Animal Welfare: What Meat Labels Really Mean
FAT scores every label using the same three-step analysis: What is disclosed? How credible is the disclosure? Who stands behind the label? This page walks the three steps for animal welfare claims on U.S. meat.
1 — What this label tells you (and doesn’t)
When shoppers see humanely raised, animal welfare certified, or pasture raised, most assume the animals lived better lives — more space, less stress, better care. That intuition is reasonable, but it is also where most welfare claims either deliver or come apart.
In the United States, most animal welfare claims are voluntary marketing claims, not mandatory disclosures. There is no single U.S. animal welfare standard. The USDA itself does not certify animal welfare; it may review label language or approve participation in third-party verification programs. Federal welfare law — primarily the Humane Methods of Slaughter Act and FSIS humane-handling enforcement — covers slaughter, not the lifetime conditions consumers usually picture when they read a welfare claim.
Two terms have narrow USDA definitions worth knowing. Free range and free roaming apply to poultry only, and require “outdoor access” without specifying minimum space per bird, minimum time outdoors, or the quality of that outdoor area. Pasture raised has no federal definition at all.
2 — How credible is the disclosure?
FAT assigns tiered, partial credit to welfare claims based on how rigorously they are verified.
Tier A — Full credit. Claims supported by rigorous third-party certification with regular audits and standards above common industry practice. The Tier-A welfare programs FAT recognizes include:
- Animal Welfare Approved (AWA / A Greener World) — pasture-based, audited, the most demanding mainstream welfare standard.
- Certified Humane (Humane Farm Animal Care) — independent third-party audits with detailed species-specific standards.
- Global Animal Partnership (GAP) — five-step welfare rating used at Whole Foods. Step 4+ is Tier-A territory; Step 1 is meaningfully weaker.
- Regenerative Organic Certified (ROC) — welfare is one of three pillars (alongside soil health and social fairness); audited.
Tier B — Partial credit. USDA-reviewed welfare-related claims (such as free range on poultry) and USDA Process Verified Programs covering welfare protocols. These rely on documentation and USDA review but lack independent third-party audit on welfare specifics.
Tier C — Minimal or no credit. Claims that rely on suggestive marketing language without certification — humanely raised with no program, family farm raised, pasture raised without standards. Some are factually accurate; some are not. Without verification a consumer cannot tell which.
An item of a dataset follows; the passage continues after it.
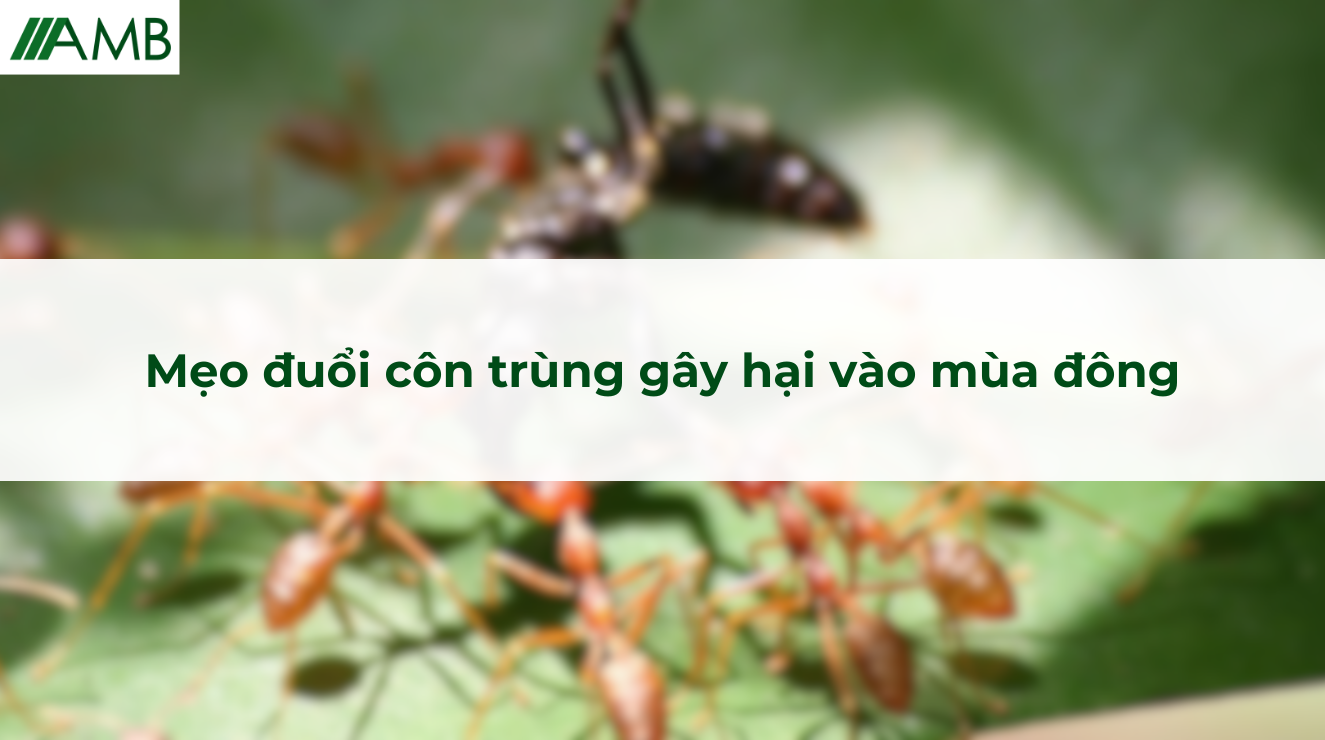 Mẹo đuổi côn trùng gây hại vào mùa đông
One credibility note worth flagging. Not all certifications labeled “humane” are equivalent. American Humane Certified standards have been documented as substantially less stringent than AWA, Certified Humane, or GAP step 4+, and the certifier’s independence has been the subject of separate scrutiny. FAT does not lump all “humane” certifications together — we score each by its standards, audit cadence, and independence.
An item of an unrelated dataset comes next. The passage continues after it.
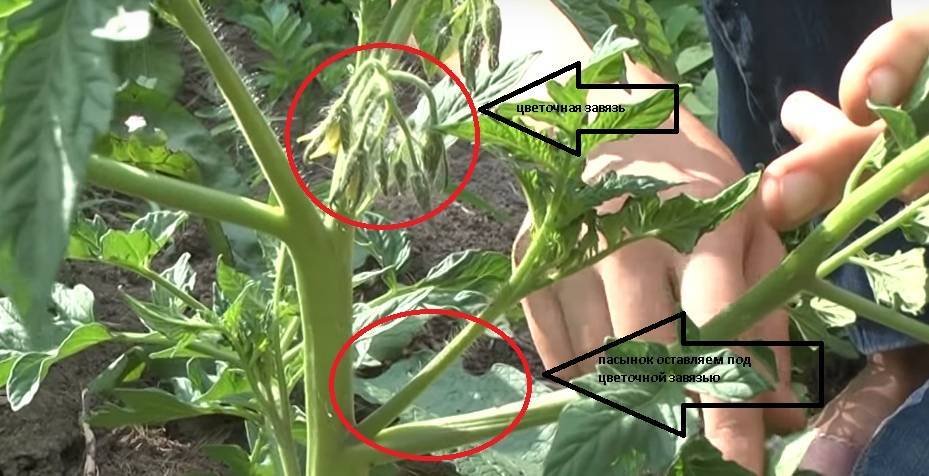 Как пасынковать помидоры в открытом грунте и теплице: пошаговое руководство с видео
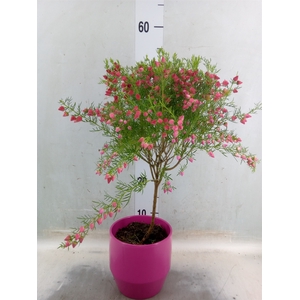 Boronia heterophylla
3 — Who stands behind the label?
A welfare claim is only as credible as the entities that produced and processed the animal. FAT surfaces the chain of accountability for every welfare-claimed package.
The processor and the FSIS humane-handling record. Every USDA-inspected meat package carries an FSIS establishment number. FSIS publishes humane-handling enforcement actions — non-compliance reports, suspensions, and recalls tied to humane-handling violations. FAT links the processor on the label to its public humane-handling record. A welfare-claimed package whose slaughter facility carries an active humane-handling enforcement action carries less credit than the welfare label alone would suggest.
The certifier. The certifier behind the welfare claim matters as much as the claim itself. FAT publishes a side-by-side scoring of the major U.S. welfare certifiers — AWA, Certified Humane, GAP (with step level), American Humane Certified, and others — based on standards, audit frequency, conflict-of-interest profile, and record of withdrawal or revocation actions.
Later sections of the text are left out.